この装置を用いて様々なイオン(Ca2+,Mg2+,Cs+等)の除去を試みています。


電気化学測定
HZ-3000, HZ-5000, HZ-7000

研究室で作製したリチウムイオン電池の基本的な性能を測定します。充放電測定やインピーダンス測定ではどれほどリチウムが充電されているのか、電池の抵抗値はどれほどなのかなど、リチウムイオン電池にとって必要不可欠な情報を得ることができます。


フーリエ変換赤外分光装置
(FT-IR: Fourier Transform Infrared Spectroscopy)

化合物分子の赤外線吸収スペクトルを利用して化合物を定性する測定装置です。本研究室では炭素材料がもつ表面官能基の同定に利用しています。


可視・紫外分光装置
(UV-vis: Ultraviolet-Visible Absorption Spectroscopy:UV-VIS)

可視光線・紫外線領域の波長をもつ電磁波を溶液に照射し、その吸光度からランバート・ベールの法則により、溶液濃度を測定する装置です。グルコース溶液濃度の変化からグルコースセンサの性能の評価を行っています。


四重極型質量分析計
(QMS: Quadrupole Mass Spectrometer)

昇温反応法、昇温脱離法、パルス法において生成したガスの定性分析を行う装置です。ガスセンサの反応温度の解析やCNTの成長過程の分析を行っています。

共通機器

電界放出型走査電子顕微鏡
(FE-SEM:Field Emission Scanning Electron Microscope)
エネルギー分散型X線分析装置
(EDX: Energy Dispersive x-ray Spectroscopy)

SEMは試料に電子線を照射し、はじき出される2次電子を検出することにより、試料の表面形態を画像として観察することができる装置です。
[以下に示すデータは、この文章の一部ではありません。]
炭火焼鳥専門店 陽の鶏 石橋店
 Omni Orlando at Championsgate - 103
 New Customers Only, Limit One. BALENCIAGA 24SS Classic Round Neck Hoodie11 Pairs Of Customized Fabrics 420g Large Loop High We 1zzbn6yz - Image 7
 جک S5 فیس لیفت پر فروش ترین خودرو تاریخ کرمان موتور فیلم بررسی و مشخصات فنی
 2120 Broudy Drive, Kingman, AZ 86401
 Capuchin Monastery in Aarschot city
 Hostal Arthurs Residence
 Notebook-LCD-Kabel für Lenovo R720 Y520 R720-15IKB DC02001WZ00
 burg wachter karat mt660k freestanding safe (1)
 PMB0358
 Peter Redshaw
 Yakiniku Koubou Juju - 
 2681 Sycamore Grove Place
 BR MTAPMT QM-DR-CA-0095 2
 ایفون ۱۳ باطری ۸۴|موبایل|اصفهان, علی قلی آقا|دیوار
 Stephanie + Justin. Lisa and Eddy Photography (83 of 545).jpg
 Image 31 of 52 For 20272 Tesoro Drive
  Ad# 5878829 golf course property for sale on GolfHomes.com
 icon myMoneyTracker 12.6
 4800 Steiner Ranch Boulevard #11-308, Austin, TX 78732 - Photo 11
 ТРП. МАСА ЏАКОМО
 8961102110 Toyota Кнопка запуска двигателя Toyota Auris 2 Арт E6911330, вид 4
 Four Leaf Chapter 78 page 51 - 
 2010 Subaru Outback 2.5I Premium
SEMに付属するEDXは電子線を照射したときに発生する特性X線を分析することにより、試料表面に存在する元素の成分を分析することができます。


透過電子顕微鏡
(TEM: Transmission Electron Microscope)

TEMは試料に照射した電子線のうち、試料を透過してきた電子線の濃淡を画像として観察する装置です。透過電子を検出するため、試料の内部構造についての情報が得られることが特徴です。そのため、本研究室ではTEMをCNFの積層構造の確認や、炭素材料に担持した触媒の観察に利用しています。


X線回折装置
(XRD: X-ray diffraction)

XRDは試料にX線を照射したときに散乱、干渉した結果起こる回折X線を解析し、構成成分の同定、結晶子サイズの計測を行う装置です。


X線光電子分光装置
(XPS: X-ray Photoelectron Spectroscopy)

XPSは試料表面に軟X線を照射し試料表面のごく近傍の元素組成や化学シフトの情報を得るための装置です。アルゴンイオンによるエッチングにより試料表面を掘り、深さ方向の測定を行うことも可能です。


Raman分光装置

試料に光を照射すると反射、屈折、吸収、散乱が起こります。散乱の中でも、入射光と同じ波長をもった光が散乱する場合(レイリー散乱)と入射光と異なる波長をもった光が散乱する場合(ラマン散乱)があります。このラマン散乱光を分析することで分子レベルの構造を解析する方法です。